Tuesday, July 10, 2007

Lowering The Boom

Bloomberg goes four for four today. Number one (07.10.07):
"Moody's Investors Service lowered the credit ratings on $5.2 billion of bonds [ed. - 214 of 'em, from investment grade to junk] backed by subprime mortgages and Standard & Poor's said it may cut $12 billion of securities after criticism they waited too long to respond to rising home-loan defaults."

Moody's Lowers Ratings on Subprime Bonds, S&P May Cut

"Ratings changes 'are going to force a lot more people to come to Jesus,' said Christopher Whalen, an analyst at Institutional Risk Analytics in Hawthorne, California. 'When a ratings agency puts a whole class on watch, it will force all the credit officers to get off their butts and reevaluate everything. This could be one of the triggers we've been waiting for.'"

"The actions would be the biggest ever in the subprime market, the companies said. Insurers and pension funds may be among investors required to sell their bonds if they are downgraded, potentially driving down prices of $800 billion in subprime mortgages and $1 trillion of collateralized debt obligations, which package mortgage bonds into new securities."

And that ain't all. "S&P said it is also reviewing the 'global universe' of CDOs that contain subprime mortgages. Investors in CDOs alone stand to lose as much as $250 billion, according to Institutional Risk Analytics, which writes computer programs for auditors."

Number two (07.10.07):

"Sears Holdings Corp., the biggest U.S. department-store company, said second-quarter profit may decline by as much as 46 percent after sales fell, sending the stock to its biggest drop in more than four years."

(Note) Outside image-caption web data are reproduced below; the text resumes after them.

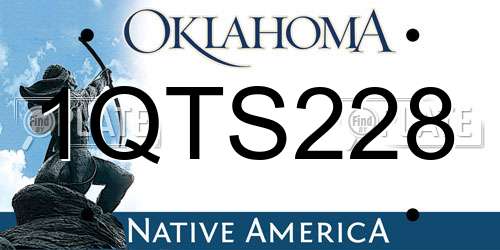 1QTS228 Oklahoma License Plate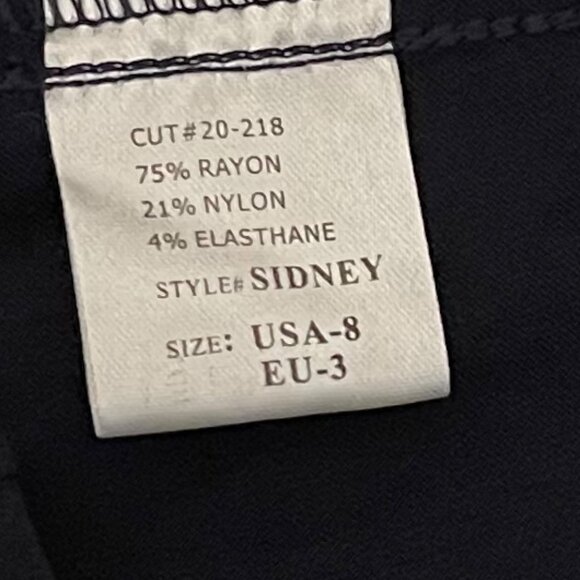 Lior Size 8 Navy Cropped Leg Slit Pull On Pants - Picture 5 of 8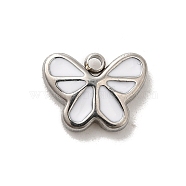 304 Stainless Steel Enamel Charms, Butterfly Charm, Stainless Steel Color, White, 7x9.5x2mm, Hole: 1.2mm(STAS-B074-07P-02)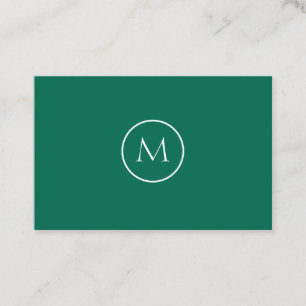 Minimalist Monogrammed Elegant Bottle Green Business Card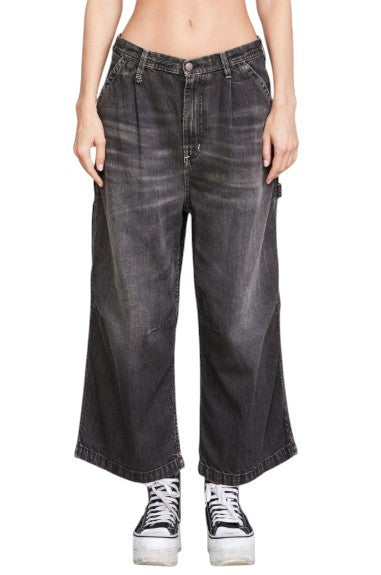 R13 Crop Wideleg Carpenter Women Jeans 26 Ellery Black Faded Pleated RRP899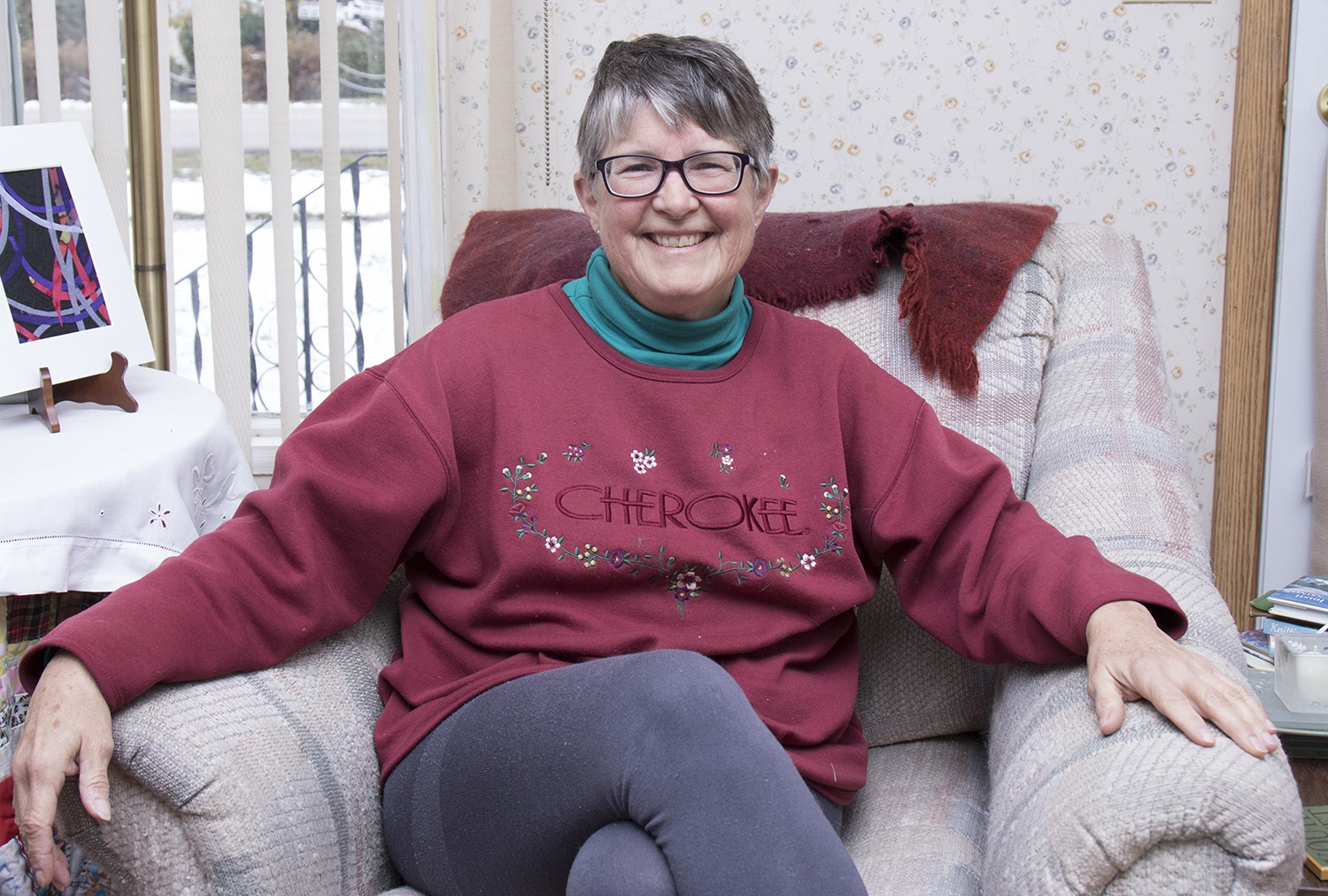 REMEMBERING FONDLY - Margaret Blank has created a three-piece textile art installation to commemorate the journey of her late husband Howard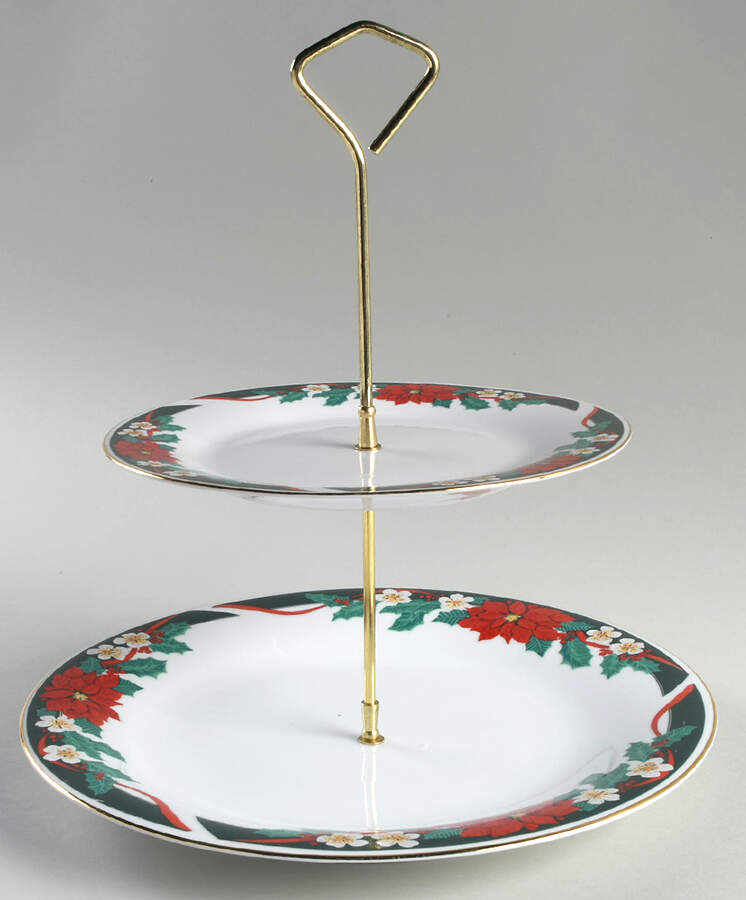 Deck The Halls (Verge) 2 Tiered Serving Tray (Dinner & Salad Plate) by Tienshan-1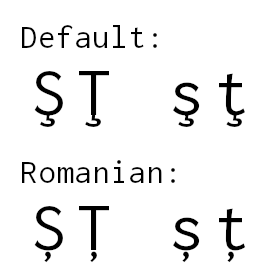 Differences between default and Romanian variants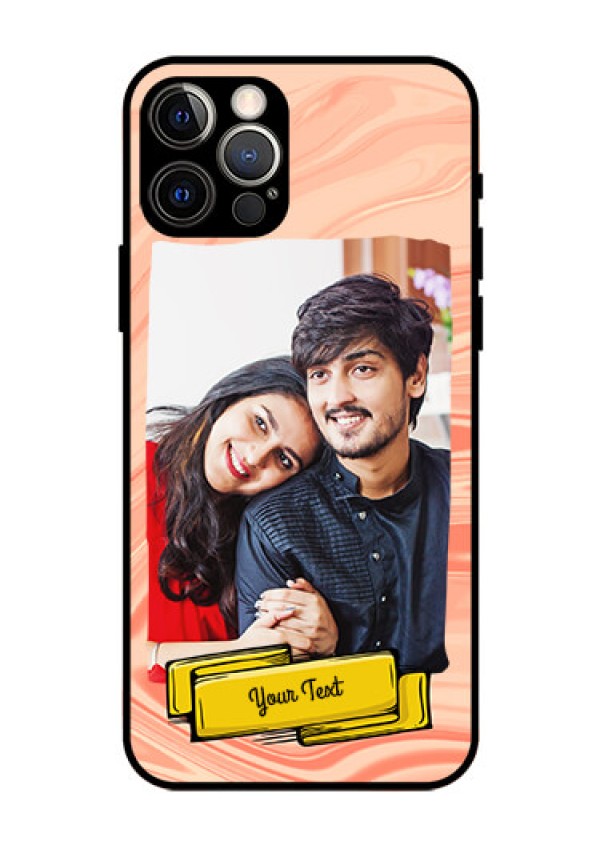 Iphone 12 Pro Personalized Glass Phone Case  - Marble Texture Design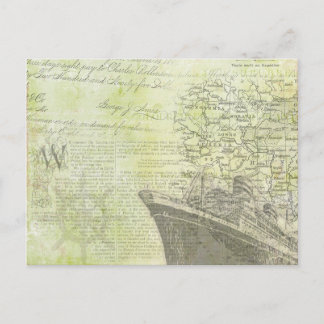 Carte Postale Transporteur de croisière vintage.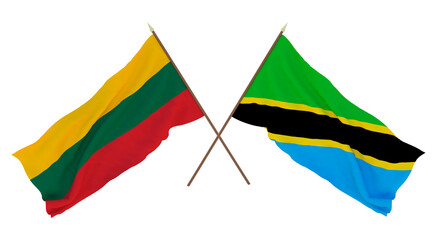 Background, 3D render for designers, illustrators. National Independence Day. Flags Lithuania and Tanzania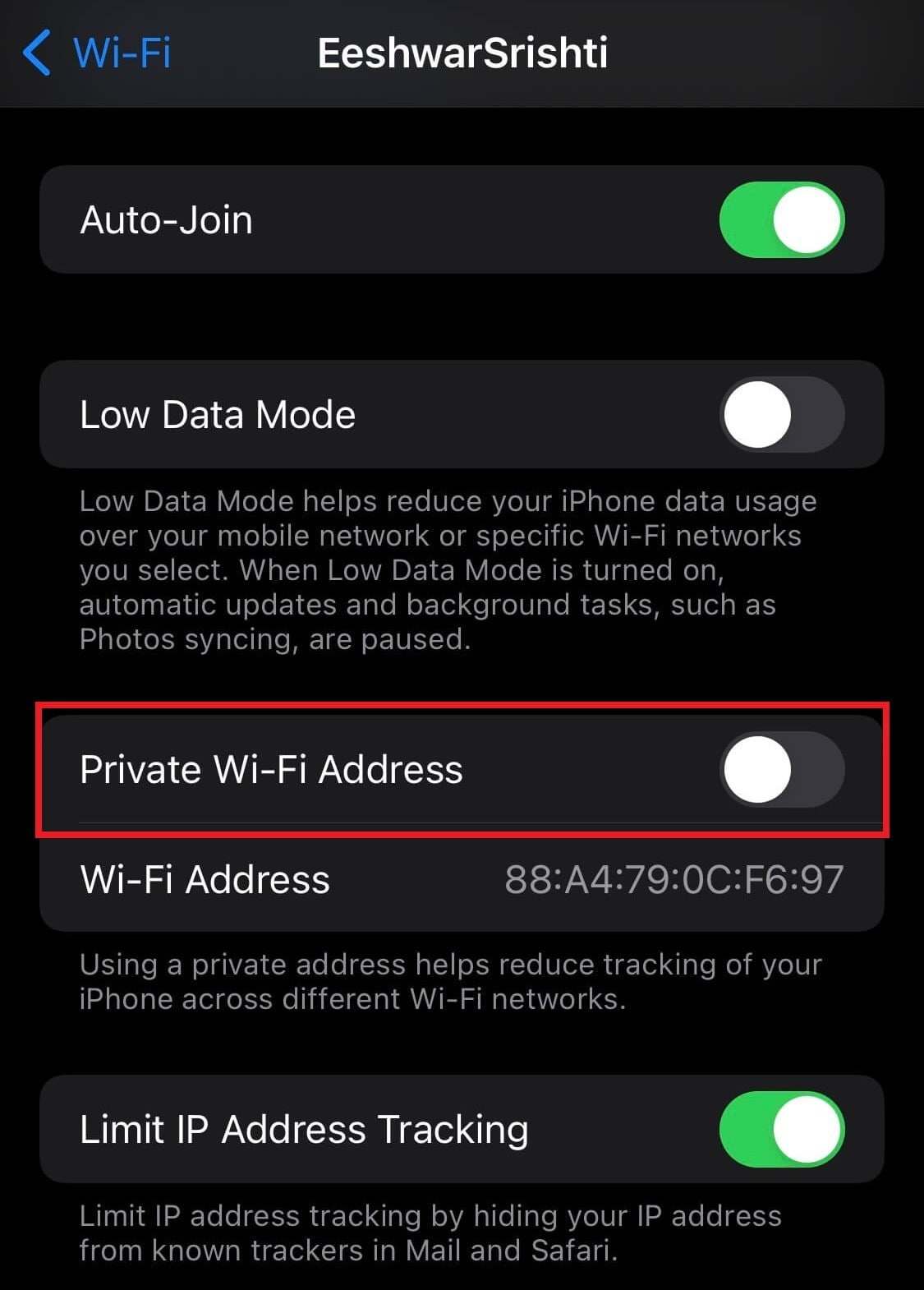 iphone private wifi address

Sears, Home Depot Say Profit Will Fall as U.S. Housing Slump Reduces Sales

Number three (07.10.07):
"D.R. Horton Inc., the second-largest U.S. homebuilder, will report a third-quarter loss after orders plunged 40 percent, and said it sees no sign of a housing rebound."

D.R. Horton to Report Net Loss After Orders Plunge

And number four (07.10.07):

"Homebuilder Ryland Group Inc. said it will report a second-quarter loss after sales plunged because of 'continued deterioration' in the housing market."